Chippie Cluster

Overview

The Chippie cluster is a compute facility for the use of CPI members, affiliates, and researchers sponsored by them. It features password-less accounts for security, a reservation system for exclusive use of compute resources and multiple GPU systems for fast computation.

Hardware

The current hardware of the Chippie cluster is:

Hostname CPU RAM Storage Network GPU Other
chippie-base.cs.uwaterloo.ca 2x AMD EPYC 7302 16-Core 512GB 7TB all-flash cluster NFS-shared for users gigabit WAN

6x NVIDIA A100 each with 40GB VRAM,

2x NVIDIA A100 each with 80GB VRAM

Reservable LXC containers each with exclusive use of one GPU: chippie01-chippie08

chippie-100.cs.uwaterloo.ca  2x AMD EPYC 7272 12-Core 512GB 5TB all-flash cluster NFS-shared scratch/static data gigabit WAN 8x NVIDIA A40: 48GB VRAM per device Reservable LXC containers each with exclusive use of one GPU: chippie09-chippie16
chippie-800.cs.uwaterloo.ca 8x Intel Xeon Platinum 8276 6TB 40TB all-flash cluster NFS-shared general-use data gigabit WAN (no GPU) Reservable LXC container for use of 224 CPU cores and 6TB RAM: chippie808

Using the cluster

Account Creation

Users of the Chippie cluster need to have an account sponsored by an authorized CPI member.  In order obtain an account, please send the following information to contact-cpi@uwaterloo.ca and CC your advisor.

Data Comment
Full name of user First, last, full name as appropriate
Email address Users will be added to chippie-users mail list for announcements on outages, updates and other cluster news
userid Linux-appropriate userid (lowercase, no spaces).  UW users use WatIAm userid
Supervisor/Sponsor:

CPI member recommending your chippie account

Purpose for account PhD, URA, MMath, project name as appropriate
Public ssh key

Public sibling of ssh keypair.  ed25519 preferred.  Create following: https://uwaterloo.atlassian.net/wiki/spaces/ISTKB/pages/1548878163/SSH+Key+Generation

Note: Please send the SSH key in plain text as part of this email. (do not send as a .pub file)

Once an account has been approved and set up, the user will receive an email from the cluster administrator.

Accessing the cluster and its resources

Using the private key sibling of public key provided on account creation, users can ssh to chippie.cs.uwaterloo.ca.

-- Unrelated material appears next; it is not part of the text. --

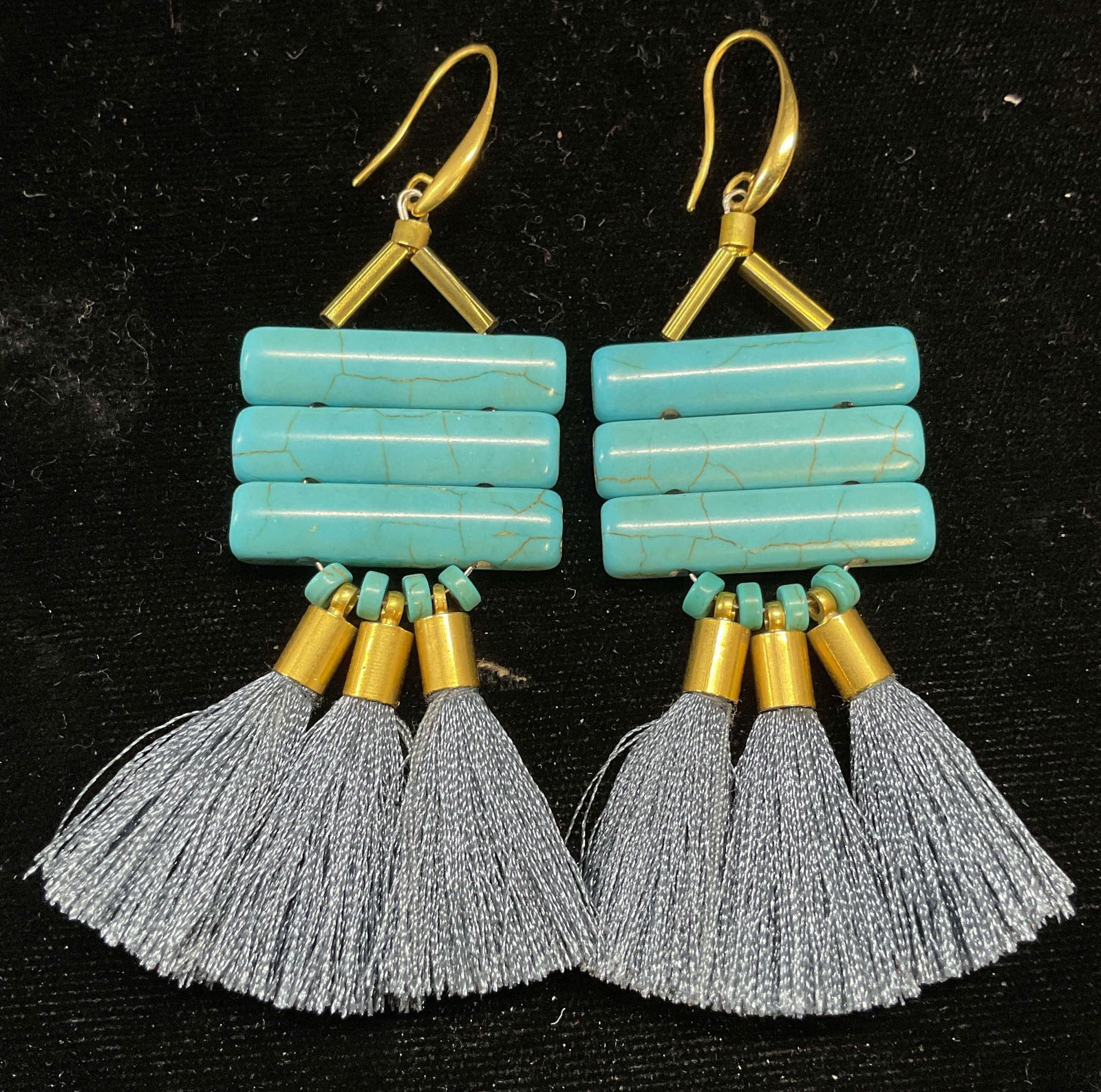David Aubrey Magnesite Silk Tassel Earrings: David Aubrey gold plated earrings with magnesite faux turquoise stone and blue silk tassels. Unsigned. Measure approx 2.75 inches long. Some scratching. Jewelry, estate jewelry, costume jewelry,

This system is the login node of the cluster.  Here you have access to your cluster-global home directory which is shared on all cluster systems you access. At the login node you can up/download data to/from the cluster, do light processing of results and computing.  Note that resource usage on the login node is monitored and limited.

In order to make full use of the cluster, user will have to reserve compute nodes at: https://chippie-reserve.cs.uwaterloo.ca/
Access to that site requires a password/token.  Users can generate a token at any time on the login node with the command:
get-token
Tokens are good for three days.

At the reservation site, users can reserve free compute nodes at any time in the future.  Generally, it is recommended that reservations are limited to the time required for a project, reservations are limited in time to one day and longer reservation periods be achieved by repeating shorter-term reservations.  This gives flexibility to interrupt and rejoin reservations in case of outages on the cluster.  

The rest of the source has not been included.